Beaver, £2.50, ISBN 0-09-950980-6
Scarlet Sorcerer is meant to be paired with Emerald Enchanter, and the single player content in both gamebooks is almost identical – apart from a few cosmetic changes reflecting the place of origin of your character – so this review is going to be identical to that of the other gamebook, heh.
In this one, you’re the Scarlet Sorcerer of Estalon. You and the Emerald Enchanter were star pupils of the powerful wizard Silvarion the Great, although he couldn’t be that powerful since he was murdered by the evil Deathlord, Ralagon, who also happened to be Silvarion’s other star pupil. Ralagon became a Deathlord by creating a Power Crystal that would “make him irresistible to all creatures, living and dead”. It seems like he just wanted to have an orgy with both living and dead creatures, hmmph.

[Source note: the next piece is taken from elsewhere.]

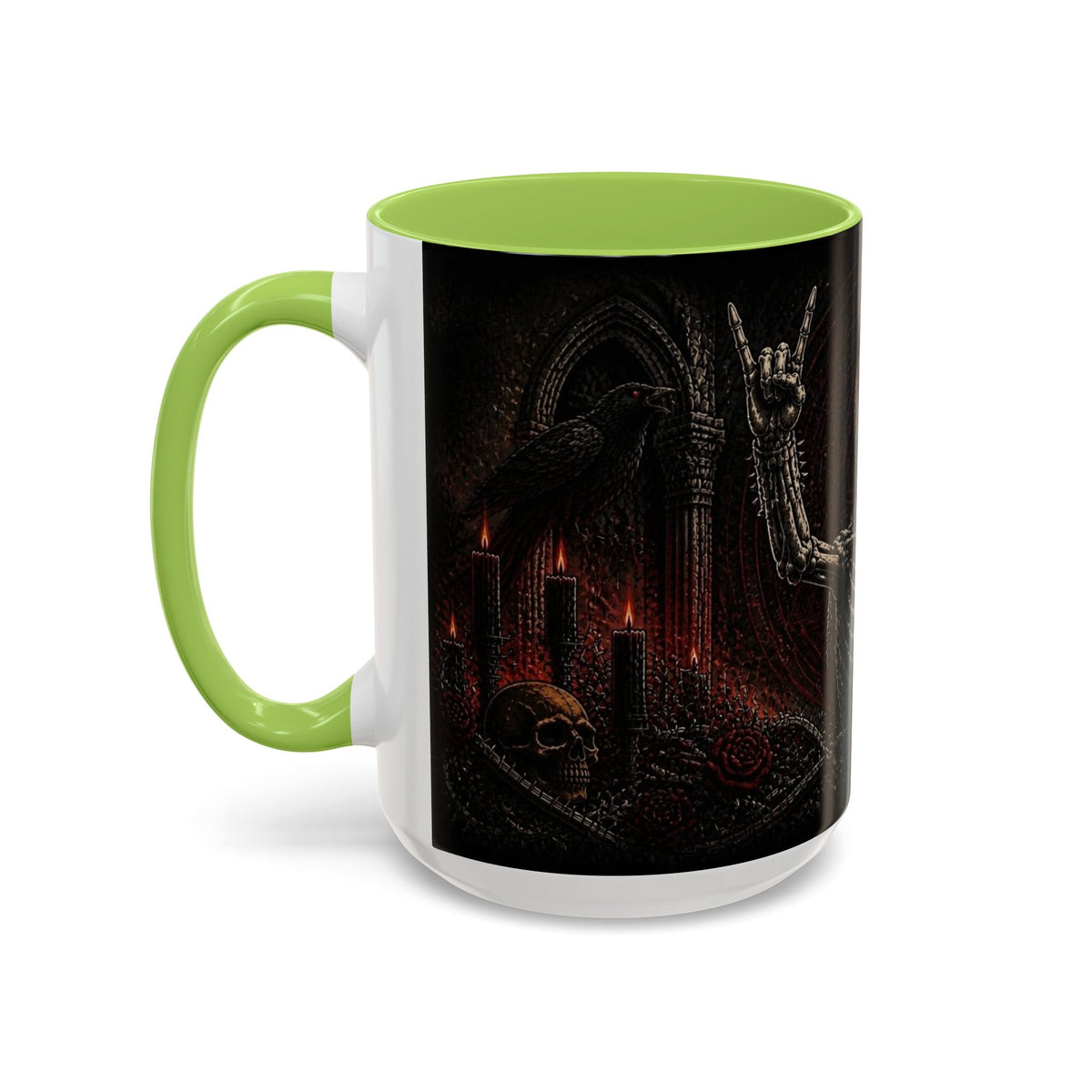 Skeleton Rock Coffee Mug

At any rate, you, the Scarlet Sorcerer, and Silvarion the Great crashed into Ralagon’s fortress to steal the Power Crystal, but things didn’t go as planned. When the campaign opens, Silvarion is dead, but he had left both you and your rival clues to the whereabouts of the Power Crystal. Perhaps it would make more sense if Silvarion could tell you the location of that thing right away, since he already went through the trouble of writing things down and sending an eagle to deliver the message to you, but where’s the fun if a wizard didn’t get to indulge in some bad poetry in a gamebook campaign, eh?
So now you are off, setting out in your skyship from your homeland of Estalon to beat the Emerald Enchanter in the hunt for the Power Crystal.
The gameplay system is based on that of Joe Dever’s Lone Wolf gamebooks, but with adaptations and enhancements. You have a skyship, after all, so much of your random wandering is done via reading of clues and looking at the map of the land before choosing the direction your skyship will move to. Battle on the skyship is all about… well, it’s a gamebook version of a FPS game, basically, and you turn to the relevant page based on your option to boost, cruise, or glide. You can also get down from your skyship to investigate various locations on the ground if you wish.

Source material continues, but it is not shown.